Federico Garcia Lorca per spiegare questo concetto dice “non è questione di facoltà, bensì di autentico stile vivo; ovvero di sangue; cioè, di antichissima cultura, di creazione in atto” e cita a sua volta Wolfgang Goethe che parla di un “potere misterioso che tutti sentono e nessun filosofo spiega”.

Le quattro scene che compongono questo balletto riescono a farci percepire questo mistero: i ballerini disegnano nell’aria triangoli e quadrati quasi a volere spiegare un legame segreto tra la natura che ci circonda ed il nostro essere razionali.
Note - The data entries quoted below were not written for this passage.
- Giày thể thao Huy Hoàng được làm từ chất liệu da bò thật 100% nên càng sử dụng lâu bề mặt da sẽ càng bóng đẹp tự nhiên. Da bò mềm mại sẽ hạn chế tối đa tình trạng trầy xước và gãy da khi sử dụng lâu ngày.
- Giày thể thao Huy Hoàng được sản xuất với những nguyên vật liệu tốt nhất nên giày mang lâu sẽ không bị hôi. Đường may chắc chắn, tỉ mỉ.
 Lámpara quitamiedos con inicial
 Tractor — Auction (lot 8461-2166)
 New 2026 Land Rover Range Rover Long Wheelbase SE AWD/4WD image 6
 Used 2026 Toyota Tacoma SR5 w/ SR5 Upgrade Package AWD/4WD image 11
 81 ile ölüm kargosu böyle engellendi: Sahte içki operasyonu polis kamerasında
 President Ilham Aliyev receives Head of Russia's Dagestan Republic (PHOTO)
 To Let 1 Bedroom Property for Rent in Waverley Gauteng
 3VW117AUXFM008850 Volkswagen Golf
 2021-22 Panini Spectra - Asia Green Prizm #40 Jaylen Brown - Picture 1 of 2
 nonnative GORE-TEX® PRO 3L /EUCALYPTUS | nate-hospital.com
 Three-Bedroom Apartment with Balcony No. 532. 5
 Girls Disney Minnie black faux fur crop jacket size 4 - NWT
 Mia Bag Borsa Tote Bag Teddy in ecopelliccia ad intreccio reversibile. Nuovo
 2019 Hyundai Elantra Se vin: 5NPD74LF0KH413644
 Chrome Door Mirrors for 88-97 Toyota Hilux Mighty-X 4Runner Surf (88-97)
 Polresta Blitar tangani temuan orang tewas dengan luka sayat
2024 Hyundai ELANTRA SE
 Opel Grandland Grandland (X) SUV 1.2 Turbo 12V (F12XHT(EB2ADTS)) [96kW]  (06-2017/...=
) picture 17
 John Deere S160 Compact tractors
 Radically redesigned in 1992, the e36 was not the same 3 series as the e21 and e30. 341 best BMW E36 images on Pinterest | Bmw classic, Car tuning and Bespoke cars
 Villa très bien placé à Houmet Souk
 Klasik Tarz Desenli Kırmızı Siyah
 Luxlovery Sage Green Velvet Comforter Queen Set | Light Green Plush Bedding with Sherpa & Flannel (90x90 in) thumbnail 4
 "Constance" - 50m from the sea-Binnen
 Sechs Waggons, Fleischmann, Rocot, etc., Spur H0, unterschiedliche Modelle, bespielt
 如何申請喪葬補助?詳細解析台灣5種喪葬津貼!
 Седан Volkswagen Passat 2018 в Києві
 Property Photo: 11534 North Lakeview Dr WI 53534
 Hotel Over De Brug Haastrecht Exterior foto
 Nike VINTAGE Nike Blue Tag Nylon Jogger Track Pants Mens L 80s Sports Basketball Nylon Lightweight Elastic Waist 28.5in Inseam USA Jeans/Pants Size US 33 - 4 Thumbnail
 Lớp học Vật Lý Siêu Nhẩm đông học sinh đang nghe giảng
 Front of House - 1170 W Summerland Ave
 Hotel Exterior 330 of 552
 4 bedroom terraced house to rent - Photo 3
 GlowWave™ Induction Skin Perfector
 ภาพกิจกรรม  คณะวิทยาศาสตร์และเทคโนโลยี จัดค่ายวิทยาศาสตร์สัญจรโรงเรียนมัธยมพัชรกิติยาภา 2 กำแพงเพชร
Molto bello il trio iniziale con la fluida Yuriko Nishihara, Jessica Tranchina e Vincenzo Carpino che tornerà ad essere protagonista anche nello splendido finale ad effetto.

Sul palco alla fine vengono giustamente chiamati insieme al direttore d’orchestra anche Rosolino Bisconti, flauto, Gaspare D’Amato, viola, e Valentina Rindi, arpa.

Chiude lo spettacolo il balletto “Sechs Tänze” del ceco Jiři Kylián e verrebbe voglia di dire dulcis in fundo. La scena è inesistente, una parete nera contro la quale si stagliano le figure dei ballerini ben vestiti di bianco con calzoni, sottovesti e biancheria del Settecento, tutti indossano parrucche incipriate, gli uomini hanno il codino.

Le luci concepite dallo stesso coreografo e realizzate da Joop Caboort sono questa volta calde. La musica è quella di Wolfgang Amadeus Mozart: si tratta delle Deutsche Tänze KV 571. Potreste fin qui essere indotti a pensare ad un balletto più “classico” e invece no.

La danza è assolutamente moderna, i movimenti contemporanei, il contrasto tra musica, costumi e gesti è esilarante. La contrapposizione tra maschile e femminile, tra crinoline rigide che si muovono su ruote e spade che fendono l’aria, è risolta in maniera divertente fondendo insieme i due aspetti in un unico essere.

Ci si burla, si gioca, l’autoironia sta alla base di tutto. I ballerini sono svelti, a tratti si trasformano in mimi e diventano improvvisamente galanti. Le parrucche, una volta colpite, danno vita a nuvole di cipria. Kylián ha colto perfettamente l’aspetto ludico della musica mozartiana e lo ha tradotto in una gestualità moderna.

L’esperimento è riuscitissimo. Il corpo di ballo è particolarmente ispirato e il pubblico si diverte e ride durante lo spettacolo. Nel finale una pioggia di bolle di sapone investe i ballerini quando già scrosciano gli applausi.